Money laundering is the
process by which criminal organisations convert or disguise the proceeds of
significant crime transactions into “untainted, clean money” that is
unconnected with and free of any substantial wrongdoing.
It covers the activities
that form the process by which the crime proceeds are disguised or concealed
from their original unlawful actions to appear legitimate, so that criminals
can avoid prosecution or conviction by obtaining or confiscating the proceeds
of crime.
The UK
anti-money laundering requirements today are governed by the following
legislation, amongst others:
- Proceeds of Crime Act 2002, as
amended by the Serious Organised Crime and Police Act 2005.

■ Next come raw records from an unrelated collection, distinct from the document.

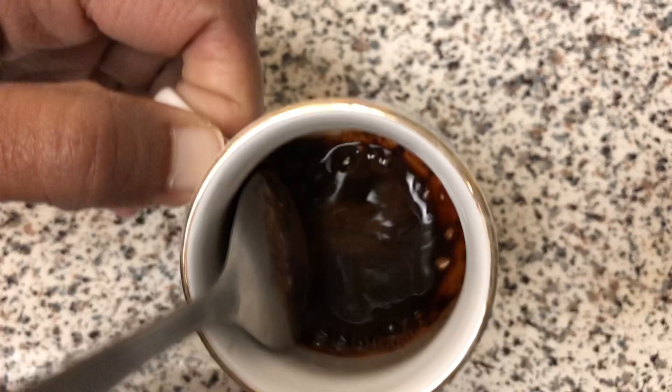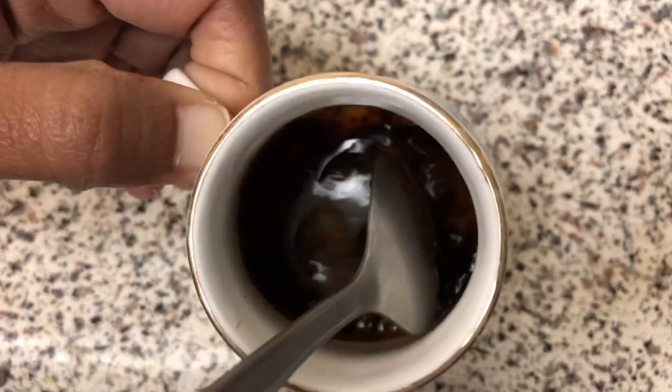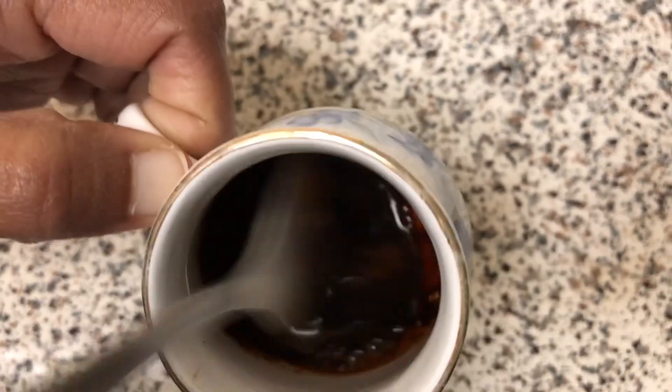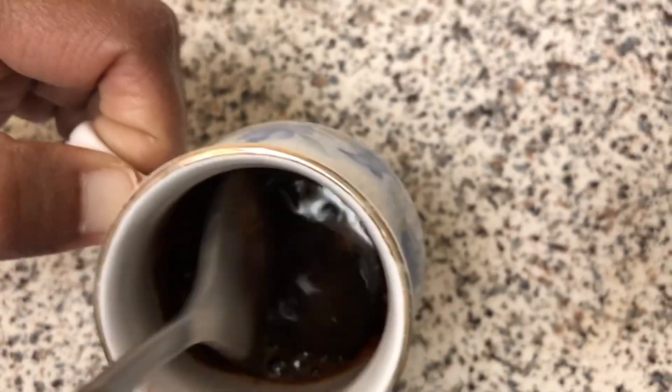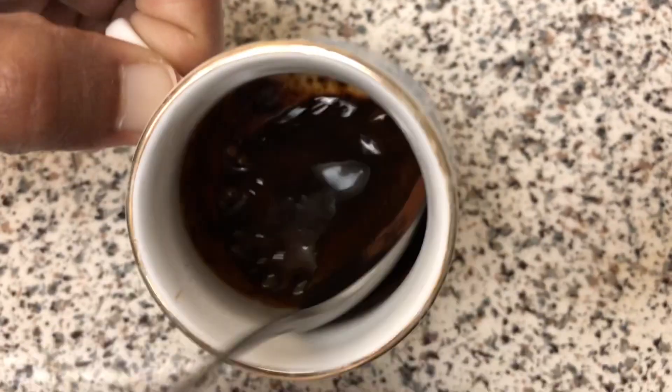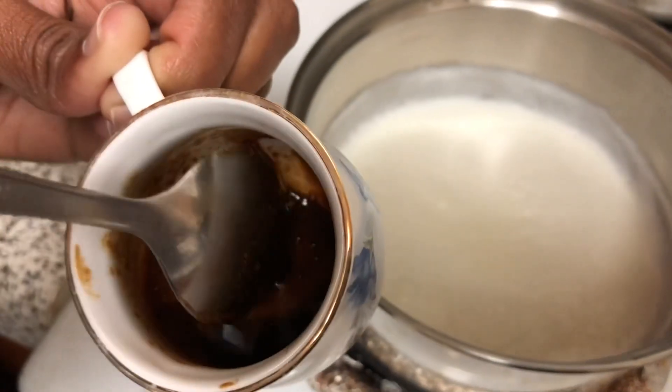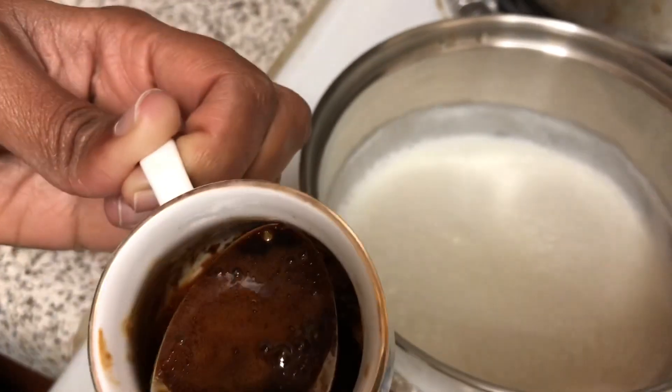We will mix it until it forms and reaches the right stage. We will mix it until small bubbles form. We will mix it to about 1 tablespoon.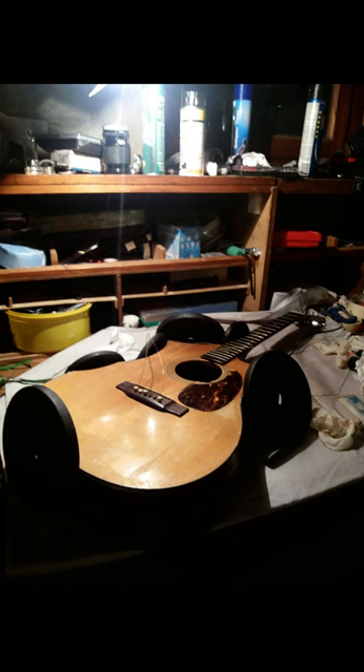But importantly, how did it sound after all this? Turns out, pretty nice. Although this is definitely a testament to Martin's ability to make great guitars, as opposed to my luthier skills.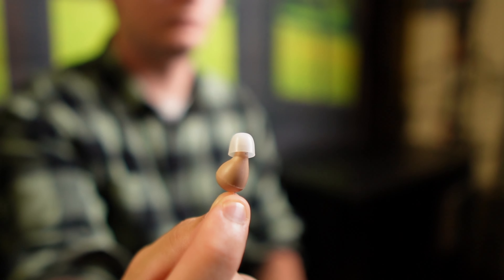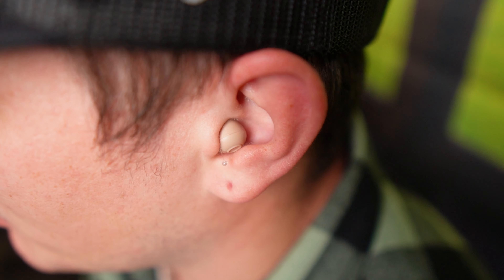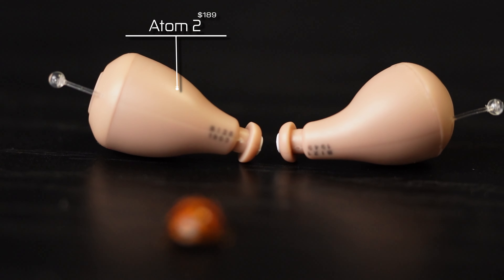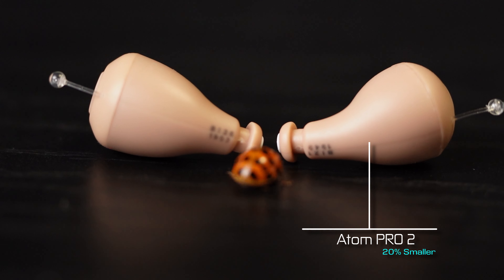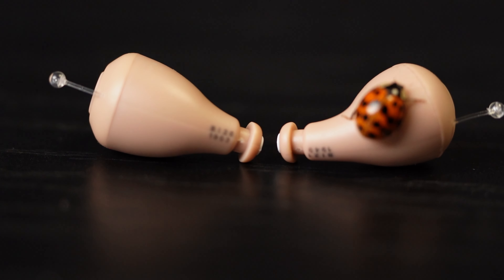Starting off, these are ITC style hearing aids — in the canal — and these are definitely the smallest over-the-counter hearing aids I've personally seen or reviewed so far. You could barely see these when they're in your ear. Here's a look at the Atom 2s when you're wearing them — $189, definitely hidden when looking straight on. The Atom Pro 2 is $100 more at $289 and is about 15 to 20% smaller — let's say 17.5% smaller. I would be really surprised to find a smaller over-the-counter hearing aid. These things are tiny.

- The Terrorism Act 2000, as amended
by the Anti-Terrorism Crime and Security Act 2001 and Terrorism Act
2006.
- The Money Laundering Regulations
2007.
Within the UK, the Proceeds
of Crime Act 2002 (part 7) defines money laundering as “the many forms of
possessing or handling criminal property, including the proceeds of a person’s
crime, and facilitating the handling or possession of any other criminal
property by a person or corporate body.”
The Money Laundering,
Terrorist Financing and Transfer of Funds (Information on the Payer)

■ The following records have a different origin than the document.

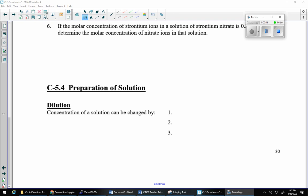Hey, what's up Chem 20s, Mr. Jukley here. Going to talk to you about preparing and diluting solutions today — mostly diluting, but preparing as well. When we're talking about the concentration of a solution, it can be changed.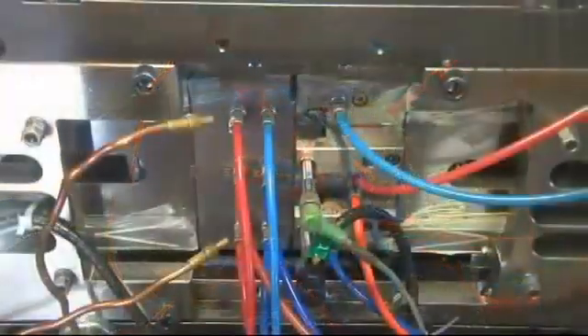These machines operate on the principle of four-slide, or what we sometimes call multi-slide. That means that the machine is capable of moving in up to four different directions. In this case we're using two of those directions to produce this part. The die opens and closes to the right and left as you see right here, producing two parts per shot.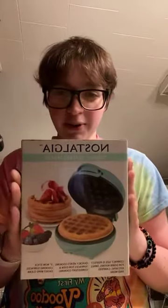So this one right here is a waffle maker. Pretty much a little waffle maker — so cute and tiny. I saw it at the store yesterday, it was really tiny.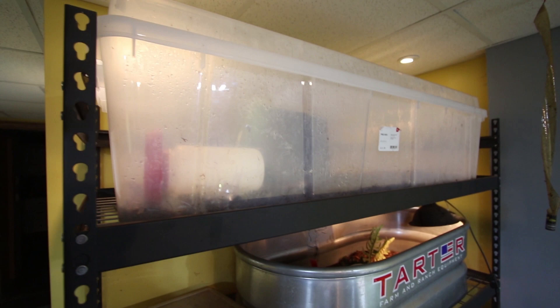Up here this is where I'm housing a three-year-old Holmes Hinge-back tortoise. That enclosure is going to need some work — he's messed it up. That guy knocked over his enclosure.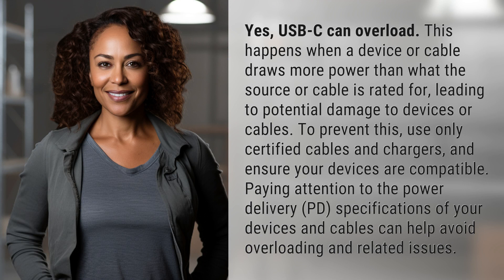This happens when a device or cable draws more power than what the source or cable is rated for, leading to potential damage to devices or cables. To prevent this, use only certified cables and chargers and ensure your devices are compatible.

Regulations 2017 (MLR 2017) and the 2019 Money Laundering and Terrorist
Financing (Amendment) Regulations (MLR 2019) form a significant part of an
organisation’s obligations towards avoiding money laundering issues.

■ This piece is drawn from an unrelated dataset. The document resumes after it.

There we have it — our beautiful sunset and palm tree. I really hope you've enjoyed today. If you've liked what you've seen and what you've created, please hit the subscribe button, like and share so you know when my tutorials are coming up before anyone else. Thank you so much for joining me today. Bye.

The aim of the MLR 2017 is
to stop organised crime, drug dealers, terrorists, arms dealers, and other
criminals from operating and expanding their criminal enterprises by using
professional services to launder money. The obligations of the MLR 2017 and
the MLR 2019 apply to individuals and organisations that provide services,
accountancy, trust and related services such as audit, insolvency or tax
advice.
Organisations must implement
systems, procedures, and policies to prevent money laundering, adopt a
risk-based approach to assess, identify, and understand the risks to which they
are exposed and put measures in place to identify at-risk customers and suppliers
to monitor how they use the organisation's services for money laundering. It is
a criminal offence within the UK to fail to comply with the obligations to
prevent, recognise and report money laundering.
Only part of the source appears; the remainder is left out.